Give your children a chance to think about what you ask and see how they respond. If they say something like, “I would feel terrible,” or “I’d be hurt,” you’re on the right track. Once they’ve understood why it’s wrong, ask them what they should have done instead.
• Provide Opportunities to Practice Kindness
Children aren’t born with morals or character. Since practice makes progress, give your kids opportunities to use their lessons about how to be kind. They can show kindness at home as well as in the community.
Talk to your kids about the importance of giving others your time and resources. Do you volunteer in a civic or religious organization? Many of these organizations invite volunteers to bring their age-appropriate children to help. Let your children recognize the uplifting feeling of giving to others who are in need.
• Own Up to Your Mistakes
When children are little, they often view their parents as superheroes who are faultless. As they get older, they will realize that you are a human who has shortcomings and makes mistakes. Never be too big of a person to apologize to your children if you’ve done something wrong or have accidentally hurt their feelings.
You do your children an excellent service when you show them how to own up to mistakes. They were probably listening when you shouted a few choice words at a person who cut you off in traffic. The improper hand gesture didn’t win you any parent of the year award, either.
When kind people do or say something wrong, they apologize and make amends. Don’t teach your children to shift blame to somebody else. When you make a mistake, admit it, and your children will respect you more.
• Who Is Influencing Your Child?
Not only are you an influence on your children, but so is the world around them. Do you notice what they watch on TV, online, or in video games? Kids are profoundly affected by technology and the things they see and hear in the media.
Are their favorite shows and video games fun and uplifting, or are they full of crudeness and violence? Even many of today’s cartoons aren’t fit for children to watch.
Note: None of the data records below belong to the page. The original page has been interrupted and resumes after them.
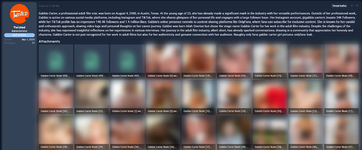 [XFW] Guest Blur All Attached Images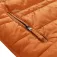 Alpine pro Giacca Eromo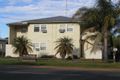 Property photo of 100 Mary Street Grafton NSW 2460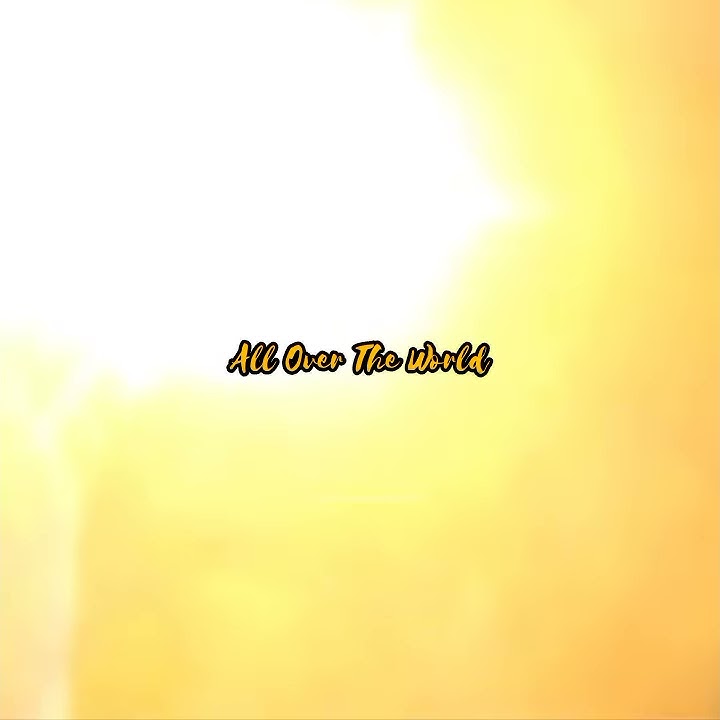 Story' Wa - God is a girl - W&W And Groove (Lyrics Music Videos)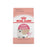 Royal Canin chaton - CHAT NOURRITURE SÈCHE - Royal Canin - Royal Canin chaton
Plus, too much time on technology limits your children from real social interaction.
Do you know who your children are hanging out with at school? If you notice rude behavior from your children that was usually not there, chances are they have an outside influence. Encourage your kids to be friends with other kids who are kind and respectful.
• Kindness in Storytime
What little children don’t like a good story? Most fairy tales and other classic children’s stories are entertaining and usually teach lessons about morality. They learn from some of their favorite storybook characters that being kind is the right thing to do.
Unfortunately, good doesn’t always triumph over evil immediately in the real world. However, there is great power in love and kindness that help people cope. It starts with learning as a child how to treat other people.
• Practice Kind Conversation
Remember how your parents always told you that if you had nothing nice to say, don’t say anything at all? It’s valuable advice when it comes to kind conversation. Avoid engaging in gossip and other unkind topics when your children are listening.
If your children hear you talking unkindly about others, they will assume it’s the normal thing to do. How do your children speak to each other? While it’s a given that siblings will tease each other and have a bit of rivalry, create boundaries for them.
Let your children know that you won’t tolerate hate speech or calling names. Instead, teach them how to get along as peacefully as possible. If they do have the occasional dispute, show them the thoughtful way to work it out.
Your most significant task and reward as a parent is to raise children who know how to be loving and kind. Even in the best families, children often need re-directed to the right path. When they are grown, they’ll remember your lessons to teach to their offspring.